#### Data under study:
▼▼▼

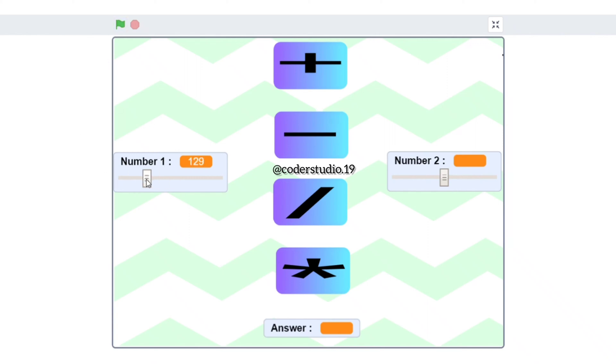Hi everyone and welcome back to my channel. I hope that you all are doing well. In this video we are going to learn how to make a simple calculator without using number buttons. In this calculator we are not going to make any number button. We are only going to use the operator buttons like plus, minus, divide and multiply.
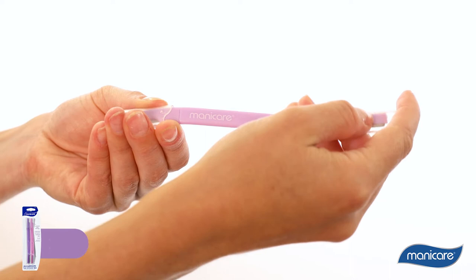The Manicare DermaSmooth Fuzz Remover is a double-ended stainless steel razor that removes the peach fuzz on your face, giving your skin a youthful and radiant appearance.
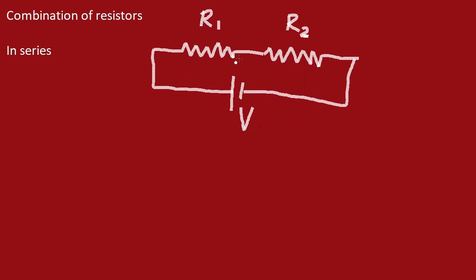Since it is connected in series, the current flows from the positive terminal. The flow of current is equal through R1 and R2, due to an important conservation law called the law of conservation of charges. So we have current I flowing through resistance R1 and current I flowing through resistance R2.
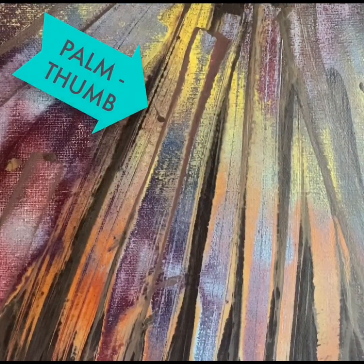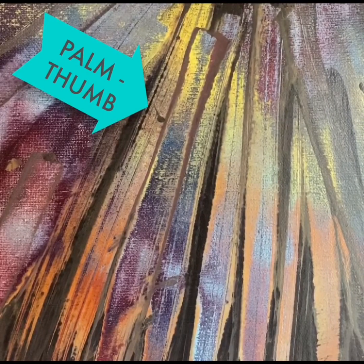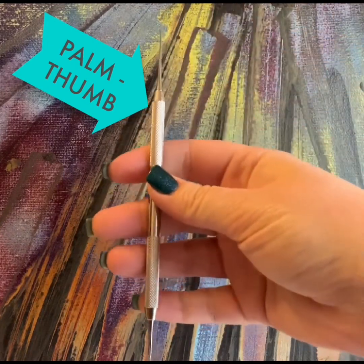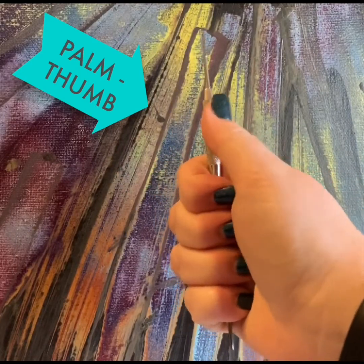Next we have the palm thumb grasp. The operator will grasp the handle of the instrument in the palm of the hand with four fingers wrapped around the handle while the thumb is extended upward from the palm. The palm thumb grasp is used when the instrument has straight shanks and blades, such as a straight chisel or a Wedelstaedt chisel, which you'll see here. Here's a Wedelstaedt chisel, and I'm going to grasp it with a palm thumb.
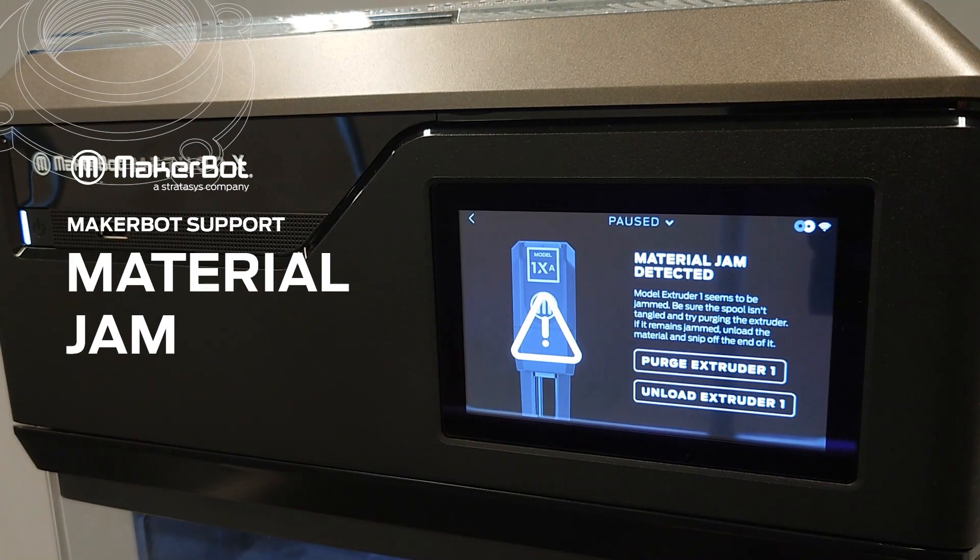In this video you will learn how to troubleshoot the cause of the material jam notification.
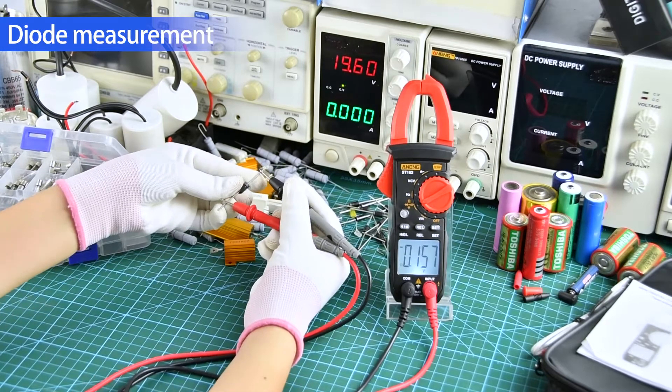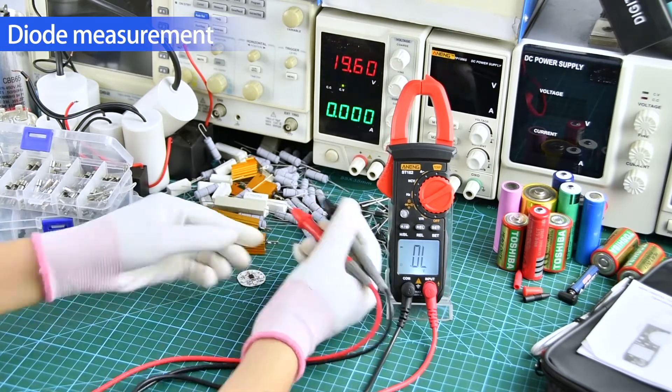Diode measurement: the positive and negative poles need to be aligned.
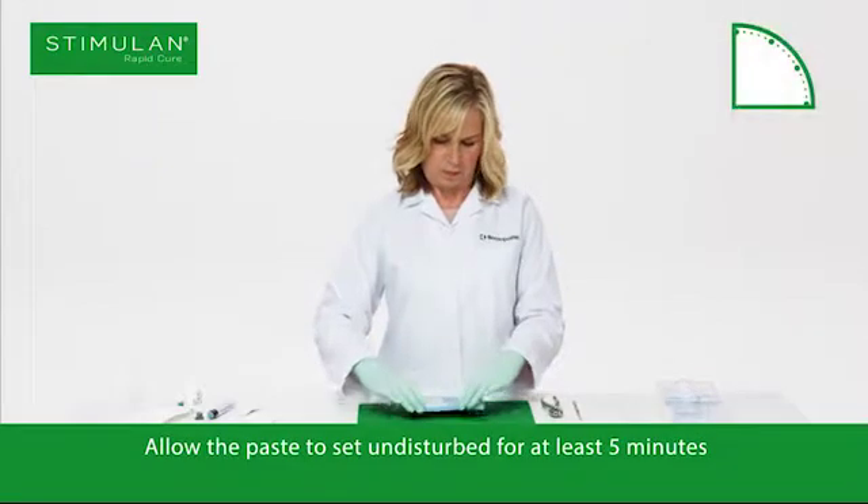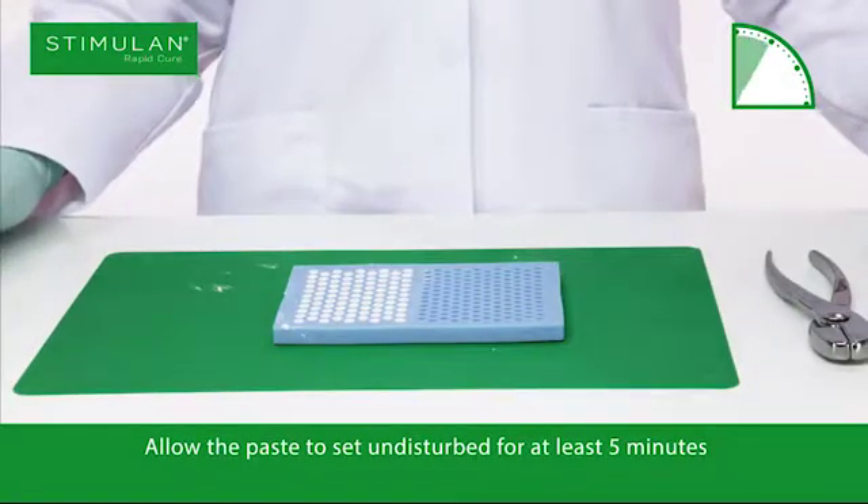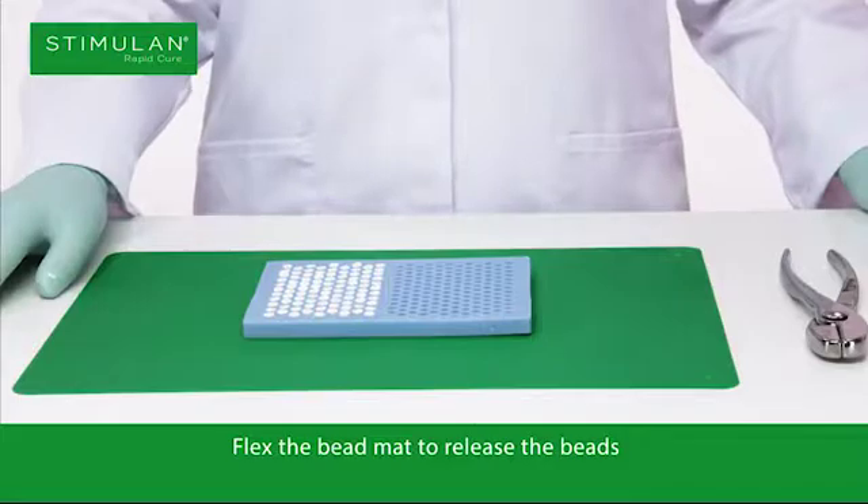Firmly tap the mat on a hard surface to release any air trapped in the bead cavities. Allow the paste to set undisturbed for at least 5 minutes. Flex the bead mat to release the beads.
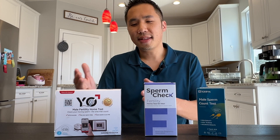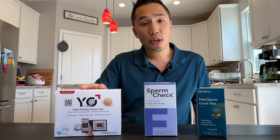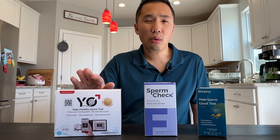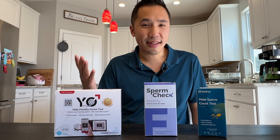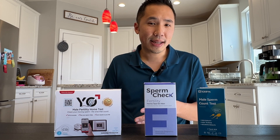I also like that the Yo male fertility test comes in multiple packs. It comes with two as the starter kit, but you can also do the four pack or the six pack along with the device. If you decide to go with the two and find that you need more kits later on, you can just buy the replacement kits — you don't need to buy the whole device again.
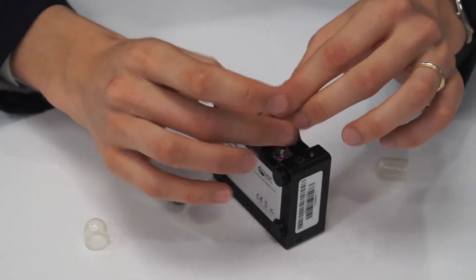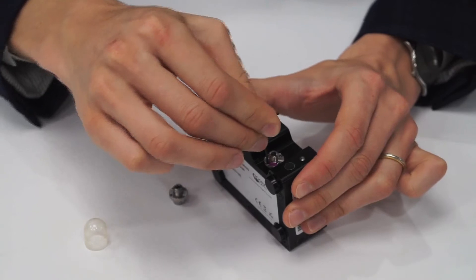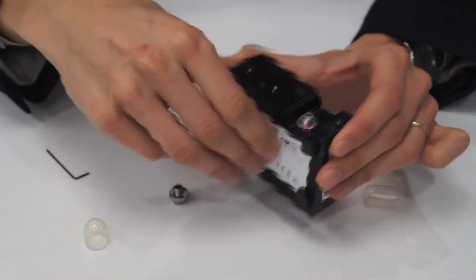Switching the slit is as simple as removing two screws and replacing with the new slit assembly. This allows you to optimise the spectrometer for your specific measurement in situ.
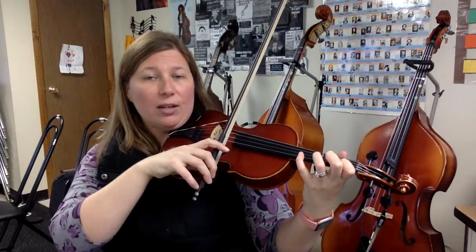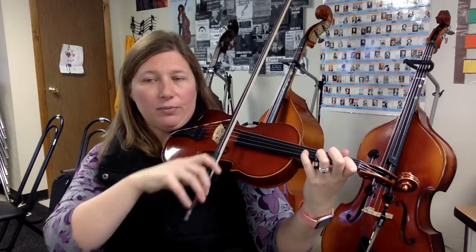Now you're going to add an up bow E, and it'll sound like this. Try it — ready, go. Practice A-G-E several times.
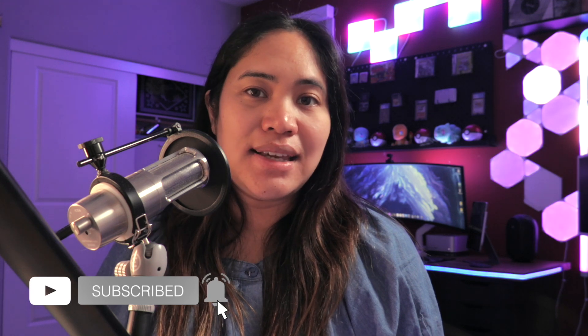Let me know what you think of the Ring Con 2 in the comments below and what other features you'd like to see in smart rings. I'm Lena from Subnautics, and I will see you guys next time — bye!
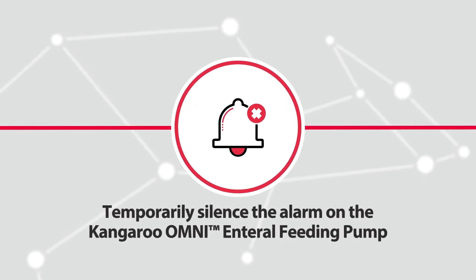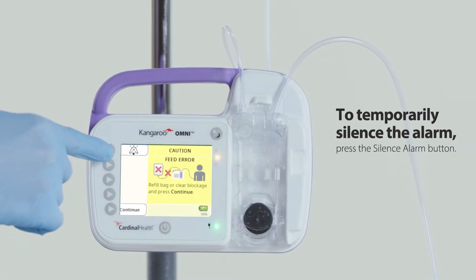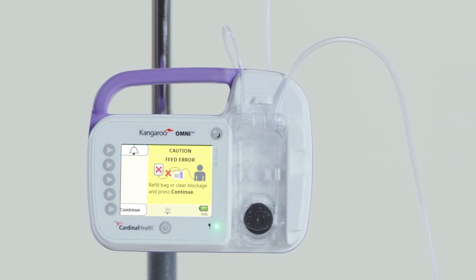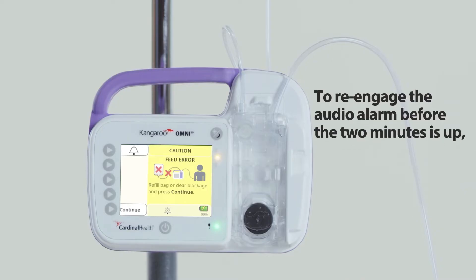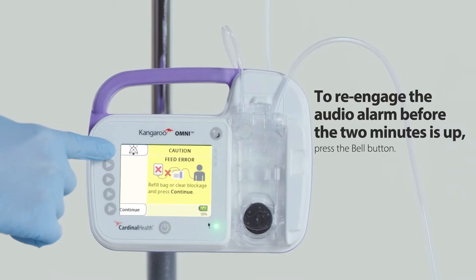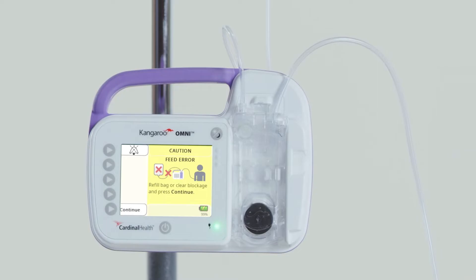Some pump notifications will trigger an audible alarm. To temporarily silence the alarm, press the silence alarm button. This will silence the alarm for two minutes. After two minutes, the alarm audio will restart. To re-engage the audio alarm before the two minutes is up, press the bell button. This will end the temporary audio pause and restart the audible alarm.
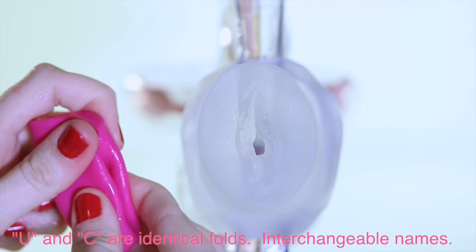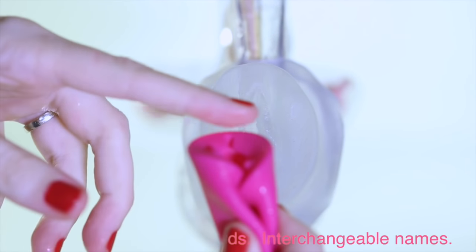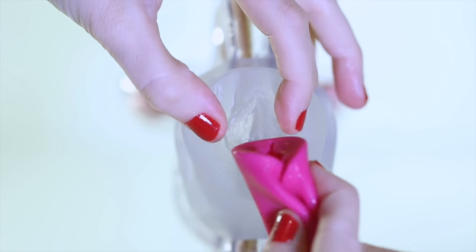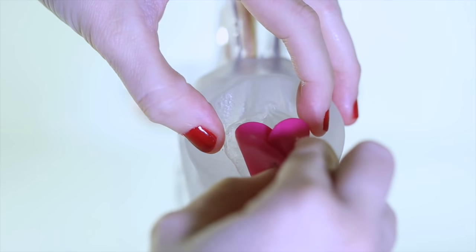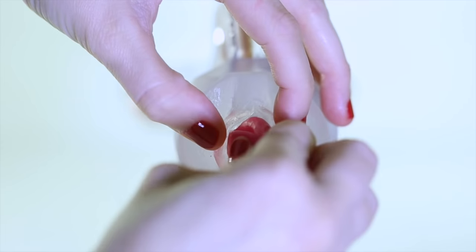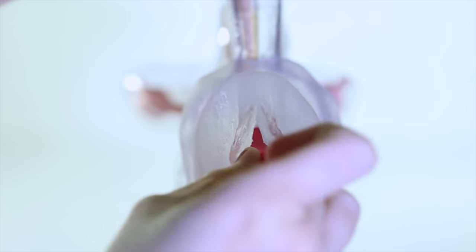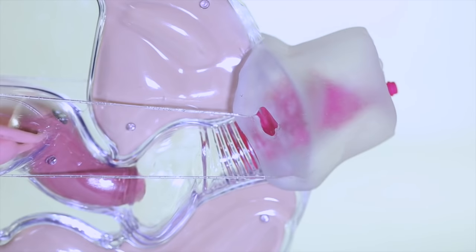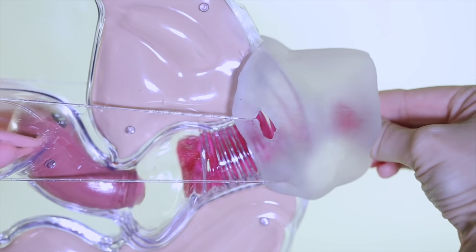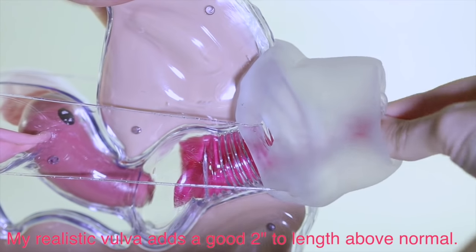I'm using the U-fold, which is a really simple, easy, fast fold that seems to open up very nicely once inside. Just open the lips with your other hand and then gently wiggle it in, then push slowly — you don't have to ram it inside, just push it nice and slow and let it do its thing. As you push, you can see it's going inside but it's not open yet, and once it's up there and ready to open it will pop.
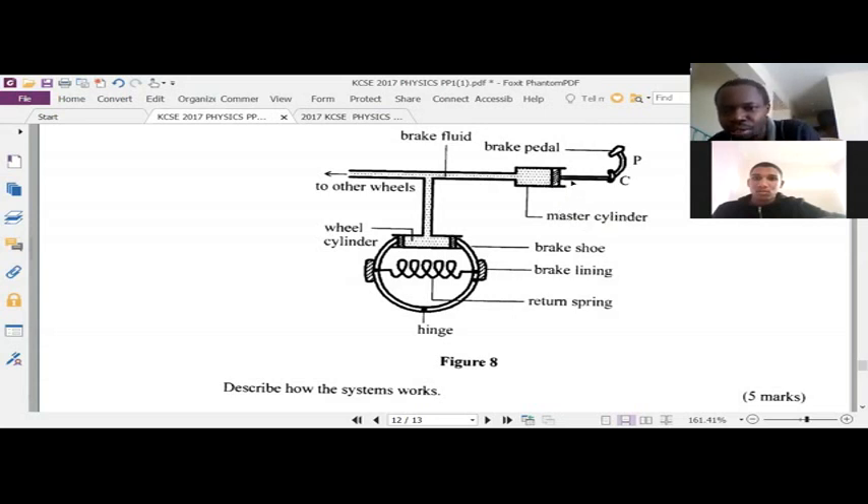The piston will exert pressure on the master cylinder. I wanted you to talk about the pressure — considering that there is force, and then that force produces pressure. What happens after that pressure has been exerted on the master cylinder?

▲▲▲

#### Task item:
Reproduce precisely the lines of the listing above, from the line containing "Now you're going" to the last line, both ends included. Pictures are to be omitted.

#### Written answer:
Now you're going to add an up bow E, and it'll sound like this. Try it — ready, go. Practice A-G-E several times.
Let me know what you think of the Ring Con 2 in the comments below and what other features you'd like to see in smart rings. I'm Lena from Subnautics, and I will see you guys next time — bye!
Some pump notifications will trigger an audible alarm. To temporarily silence the alarm, press the silence alarm button. This will silence the alarm for two minutes. After two minutes, the alarm audio will restart. To re-engage the audio alarm before the two minutes is up, press the bell button. This will end the temporary audio pause and restart the audible alarm.
I'm using the U-fold, which is a really simple, easy, fast fold that seems to open up very nicely once inside. Just open the lips with your other hand and then gently wiggle it in, then push slowly — you don't have to ram it inside, just push it nice and slow and let it do its thing. As you push, you can see it's going inside but it's not open yet, and once it's up there and ready to open it will pop.
The piston will exert pressure on the master cylinder. I wanted you to talk about the pressure — considering that there is force, and then that force produces pressure. What happens after that pressure has been exerted on the master cylinder?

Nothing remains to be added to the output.